Consumer Reports experts suggest tips to securely file taxes online

Posted at 10:37 AM, Mar 10, 2021
and last updated 2021-03-10 11:37:15-05

NASHVILLE, Tenn. (WTVF/CONSUMER REPORTS) — It's tax season. That's right, April 15 is just around the corner and the IRS is already accepting tax returns.

If you haven't started working on your taxes yet, you probably will be soon.

When doing taxes, many people download financial documents and file them electronically. But before you do, you'll want to make sure your technology is up to date and up to the task of keeping your personal information safe and secure.

Matthew Starzec is like 90% of Americans who file their taxes online, either using a professional tax preparer or tax software.

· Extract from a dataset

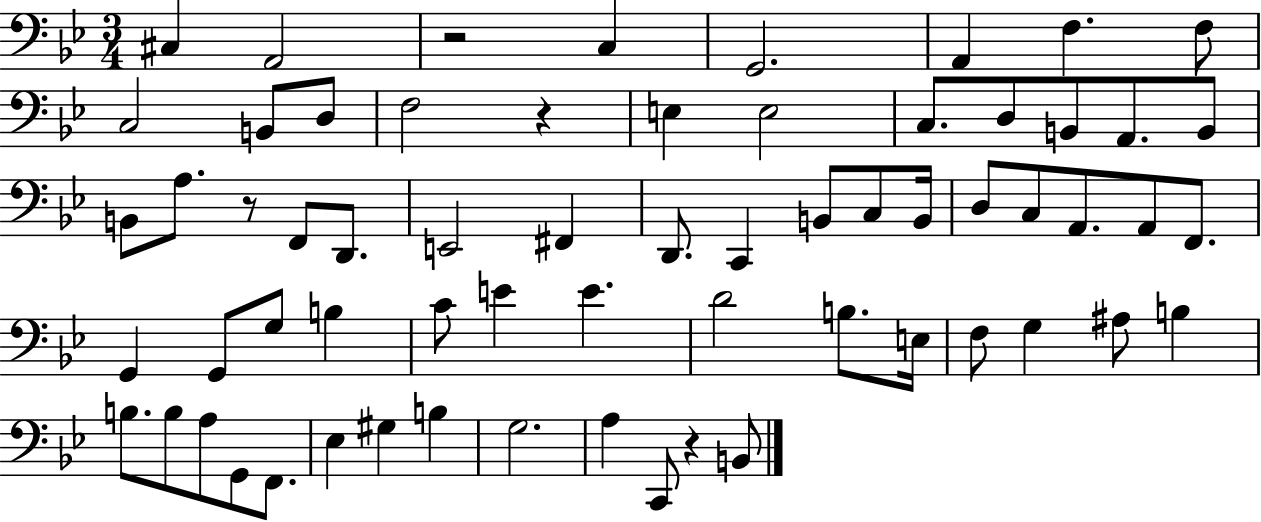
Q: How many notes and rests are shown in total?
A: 64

"We’ve been doing our taxes online for the last seven years. It’s easy. It’s convenient," Starzec said.

Paired with direct deposit, electronic filing is the fastest way to get a refund. But is it safe?

"The IRS says all tax prep software will now have multi-factor authentication, which asks users for an extra bit of info to log in, like a code sent to their email,” said Yael Grauer, Consumer Reports security editor.

Because even if someone steals your password, multi-factor authentication, often called two-factor, could still stop them from getting into your account.

But before you even file, Consumer Reports says take a few minutes to make sure your sensitive online accounts and your router are secured using strong passwords.

Consumer Reports suggests using a string of random words, numbers and special characters - something no one could guess. Or, better yet, consider using a password manager so you don’t have to remember all of them.

“Our top-rated password manager is 1Password. It’s the only one we tested to earn top marks for data privacy, data security, and usability,” Grauer said.

You can also protect your personal tax information by simply looking for the "HTTPS" or a little lock at the beginning of the web address. Otherwise, it could be a fraudulent site.

"Sites with HTTPS use encryption to prevent any information you exchange from being spied on or changed while it’s traveling across the internet," Grauer said.

Newer iPhones and Android phones come with encryption already enabled. It’s also available for Mac and Windows computers, you may just need to enable it in the security settings. So if either is lost or stolen - your personal data can’t be accessed.